Best Practices for Implementing Test Data into Your CI/CD Pipeline

Test data as a part of software development is the poor relation that has been ignored for far too long. That is striking since it’s one of the biggest bottlenecks in software testing. Several studies, including our own Test Data Management Research – State of the Art 2020-2021, show that:

Test data is refreshed at too low a frequency, which can be detrimental to the quality
In many organizations, multiple teams have to share their test database with others
Refreshes cause long waiting time: one data refresh takes 6 days on average

These attributes cause infarction in your CI/CD pipeline. But if you turn that around, good quality and fast test data can actually act as an accelerator!
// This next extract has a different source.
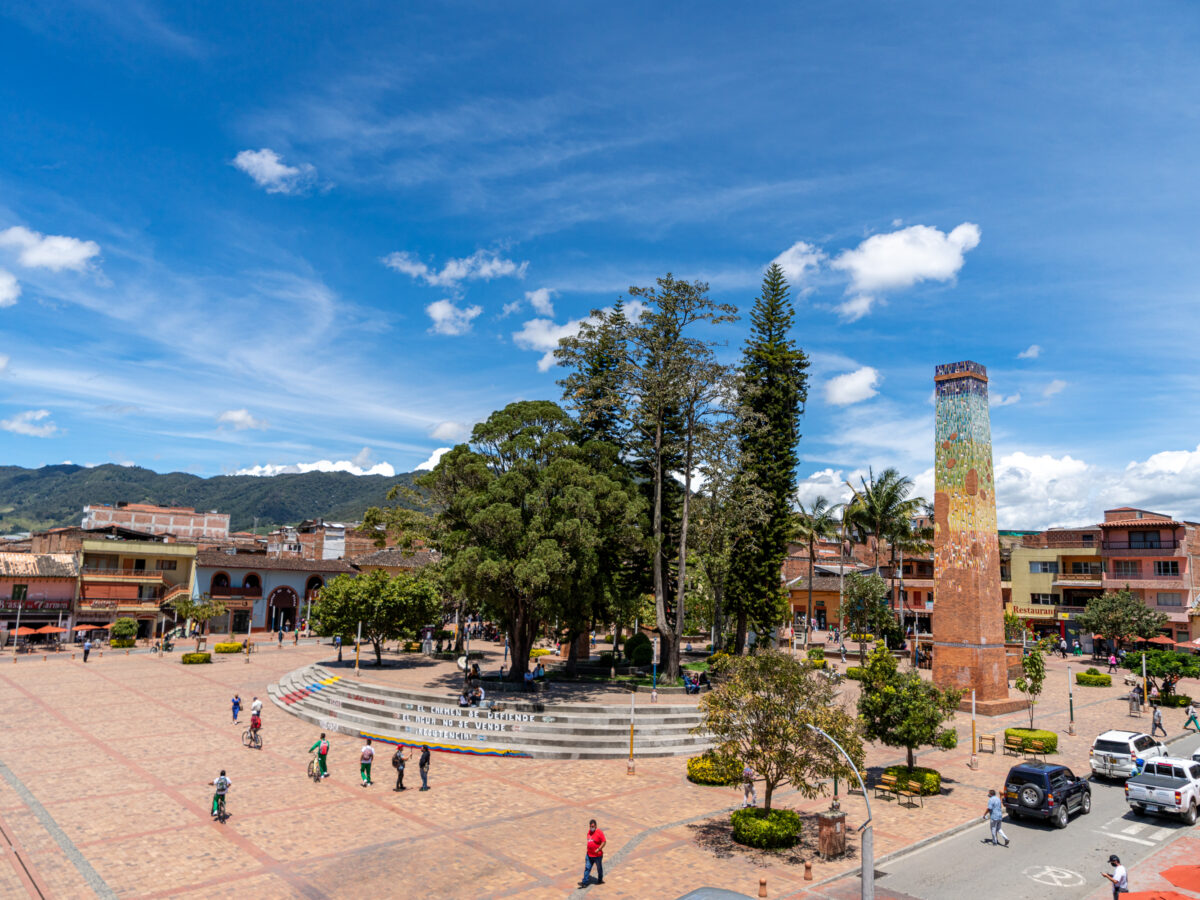 Parque El Carmen de Viboral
So how do you implement test data into your CI/CD pipeline? Let’s start at the beginning. Take a good look at your system under test. What kind of data does it need?

Compliant Test Data

First of all, most testers give preference to production data for testing purposes. That makes perfect sense because when your application tests succeed using a copy of production, you may assume that the application will work in production, too. But when your production data contains personal (customer) information, it may not be used for testing purposes. Various laws and regulations like GDPR, PCI, and HIPAA have established this. So you need to think about an alternative.
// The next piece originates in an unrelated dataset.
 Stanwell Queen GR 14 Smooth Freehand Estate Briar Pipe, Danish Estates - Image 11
Actually, there are two options:

Mask the privacy-sensitive data in your test database
Generate synthetic test data

Both methods have their pros and cons. In short, masking your test data will keep your test database as production-like as possible, where mutual relationships within the data model are preserved. Generating synthetic data guarantees that no personal data can be leaked since you’re using fake data.

Our advice? Use a combination of techniques to ensure that your test data is both qualitative (production-like) and compliant.

Exclusive Test Databases

When you’re sure that your test data is compliant and of the right quality, you need to think about who may use which database. The last thing you need is another team messing up your test database while you’re trying to do your job.

The ideal world? Each team has its own test database. The reason we don't see this happening often is the costs involved. A full (masked) copy production can easily contain several terabytes of data. Just placing copies everywhere will increase your storage costs enormously.

The solution lies in test data subsetting. Using only a small part of a
(masked) production database makes it more feasible to give every test or QA team their own dataset. As a user, you can indicate which data you need for your tests, and the smart subset tool extracts exactly those records and any related records from other tables or systems. This results in a referential intact test data set of maybe only a few percent size.

Self-service Test Data Portal

Last, you want to shorten the time waiting on a refresh. On average, it takes 3.5 people to get a test data refresh, and it takes 6 days on average to actually get the data. This is very outdated.

With the help of a self-service test data portal, testers or QA engineers can easily deploy their own masked and/or subsetted test datasets without the interference of a test manager or a database administrator.

Imagine what this would mean for your CI/CD pipeline, how much time (and money) can be saved. And not to forget what the impact is on the quality of your product.

Conclusion

Good quality test data that is compliant and easily accessible, and refreshable can have a significant impact on your CI/CD pipeline. It will speed up your development and testing processes and helps to achieve the highest possible quality for your product.